%%

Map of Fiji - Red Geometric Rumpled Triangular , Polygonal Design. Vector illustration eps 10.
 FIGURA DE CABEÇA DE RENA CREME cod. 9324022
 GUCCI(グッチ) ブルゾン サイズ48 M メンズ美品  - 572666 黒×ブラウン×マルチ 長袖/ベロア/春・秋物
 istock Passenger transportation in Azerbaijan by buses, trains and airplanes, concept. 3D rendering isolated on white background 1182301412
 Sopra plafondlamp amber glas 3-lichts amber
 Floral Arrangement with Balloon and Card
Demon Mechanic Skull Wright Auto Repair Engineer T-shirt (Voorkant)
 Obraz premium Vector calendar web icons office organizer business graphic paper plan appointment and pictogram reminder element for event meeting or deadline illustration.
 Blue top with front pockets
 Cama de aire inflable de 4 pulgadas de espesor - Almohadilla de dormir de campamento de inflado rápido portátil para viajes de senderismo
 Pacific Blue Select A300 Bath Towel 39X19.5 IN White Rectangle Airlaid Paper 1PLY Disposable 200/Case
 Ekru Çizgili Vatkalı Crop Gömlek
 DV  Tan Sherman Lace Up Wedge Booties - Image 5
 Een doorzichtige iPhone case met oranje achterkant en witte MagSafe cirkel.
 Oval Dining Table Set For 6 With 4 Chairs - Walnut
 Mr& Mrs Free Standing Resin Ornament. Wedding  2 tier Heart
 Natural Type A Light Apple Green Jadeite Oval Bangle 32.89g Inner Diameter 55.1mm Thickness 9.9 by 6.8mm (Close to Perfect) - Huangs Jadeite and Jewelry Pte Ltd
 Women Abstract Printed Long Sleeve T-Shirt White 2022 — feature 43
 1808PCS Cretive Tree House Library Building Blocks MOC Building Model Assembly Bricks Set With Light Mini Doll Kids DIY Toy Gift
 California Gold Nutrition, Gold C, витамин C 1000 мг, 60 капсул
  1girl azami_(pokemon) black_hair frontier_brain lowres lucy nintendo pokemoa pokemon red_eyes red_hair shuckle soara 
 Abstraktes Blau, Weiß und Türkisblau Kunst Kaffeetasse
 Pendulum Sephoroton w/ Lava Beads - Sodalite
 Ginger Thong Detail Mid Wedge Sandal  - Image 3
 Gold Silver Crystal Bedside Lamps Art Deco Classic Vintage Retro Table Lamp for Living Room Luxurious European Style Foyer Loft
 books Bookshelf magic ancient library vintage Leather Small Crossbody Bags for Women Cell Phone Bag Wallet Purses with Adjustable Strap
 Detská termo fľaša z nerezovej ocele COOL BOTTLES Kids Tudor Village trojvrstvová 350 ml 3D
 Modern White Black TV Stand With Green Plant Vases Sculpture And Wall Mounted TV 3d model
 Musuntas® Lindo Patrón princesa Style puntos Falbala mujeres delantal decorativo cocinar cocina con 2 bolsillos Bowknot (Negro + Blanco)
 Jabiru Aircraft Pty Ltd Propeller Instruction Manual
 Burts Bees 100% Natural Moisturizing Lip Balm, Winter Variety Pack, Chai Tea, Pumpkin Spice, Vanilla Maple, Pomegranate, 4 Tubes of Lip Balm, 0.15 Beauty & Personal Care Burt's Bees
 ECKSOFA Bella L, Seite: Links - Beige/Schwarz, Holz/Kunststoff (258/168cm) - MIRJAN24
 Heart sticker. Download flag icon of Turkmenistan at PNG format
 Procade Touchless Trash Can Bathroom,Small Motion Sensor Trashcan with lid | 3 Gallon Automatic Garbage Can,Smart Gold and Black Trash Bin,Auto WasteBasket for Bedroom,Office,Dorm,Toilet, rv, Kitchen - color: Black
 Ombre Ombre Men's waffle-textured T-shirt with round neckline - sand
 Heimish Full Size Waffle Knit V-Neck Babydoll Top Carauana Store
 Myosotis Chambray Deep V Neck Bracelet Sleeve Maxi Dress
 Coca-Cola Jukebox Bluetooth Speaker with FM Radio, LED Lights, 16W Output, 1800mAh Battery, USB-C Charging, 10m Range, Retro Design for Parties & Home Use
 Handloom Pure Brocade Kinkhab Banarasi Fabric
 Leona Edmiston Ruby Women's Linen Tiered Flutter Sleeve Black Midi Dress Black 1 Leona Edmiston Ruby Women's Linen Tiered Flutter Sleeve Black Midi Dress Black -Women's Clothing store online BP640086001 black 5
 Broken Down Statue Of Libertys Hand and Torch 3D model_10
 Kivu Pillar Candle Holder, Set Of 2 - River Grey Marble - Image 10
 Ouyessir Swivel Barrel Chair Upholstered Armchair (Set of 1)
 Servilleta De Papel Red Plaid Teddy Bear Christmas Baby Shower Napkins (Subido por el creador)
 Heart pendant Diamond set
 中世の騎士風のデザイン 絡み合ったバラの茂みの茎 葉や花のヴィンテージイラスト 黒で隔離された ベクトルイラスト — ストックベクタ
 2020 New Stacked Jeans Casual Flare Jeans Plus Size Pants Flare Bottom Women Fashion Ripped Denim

%%

§ **WHAT YOU NEED TO DO**
Write out a verbatim copy of the data, beginning with its first line and ending with the line that contains "California Gold Nutrition, Gold".

§ **WRITTEN ANSWER**
Map of Fiji - Red Geometric Rumpled Triangular , Polygonal Design. Vector illustration eps 10.
 FIGURA DE CABEÇA DE RENA CREME cod. 9324022
 GUCCI(グッチ) ブルゾン サイズ48 M メンズ美品  - 572666 黒×ブラウン×マルチ 長袖/ベロア/春・秋物
 istock Passenger transportation in Azerbaijan by buses, trains and airplanes, concept. 3D rendering isolated on white background 1182301412
 Sopra plafondlamp amber glas 3-lichts amber
 Floral Arrangement with Balloon and Card
Demon Mechanic Skull Wright Auto Repair Engineer T-shirt (Voorkant)
 Obraz premium Vector calendar web icons office organizer business graphic paper plan appointment and pictogram reminder element for event meeting or deadline illustration.
 Blue top with front pockets
 Cama de aire inflable de 4 pulgadas de espesor - Almohadilla de dormir de campamento de inflado rápido portátil para viajes de senderismo
 Pacific Blue Select A300 Bath Towel 39X19.5 IN White Rectangle Airlaid Paper 1PLY Disposable 200/Case
 Ekru Çizgili Vatkalı Crop Gömlek
 DV  Tan Sherman Lace Up Wedge Booties - Image 5
 Een doorzichtige iPhone case met oranje achterkant en witte MagSafe cirkel.
 Oval Dining Table Set For 6 With 4 Chairs - Walnut
 Mr& Mrs Free Standing Resin Ornament. Wedding  2 tier Heart
 Natural Type A Light Apple Green Jadeite Oval Bangle 32.89g Inner Diameter 55.1mm Thickness 9.9 by 6.8mm (Close to Perfect) - Huangs Jadeite and Jewelry Pte Ltd
 Women Abstract Printed Long Sleeve T-Shirt White 2022 — feature 43
 1808PCS Cretive Tree House Library Building Blocks MOC Building Model Assembly Bricks Set With Light Mini Doll Kids DIY Toy Gift
 California Gold Nutrition, Gold C, витамин C 1000 мг, 60 капсул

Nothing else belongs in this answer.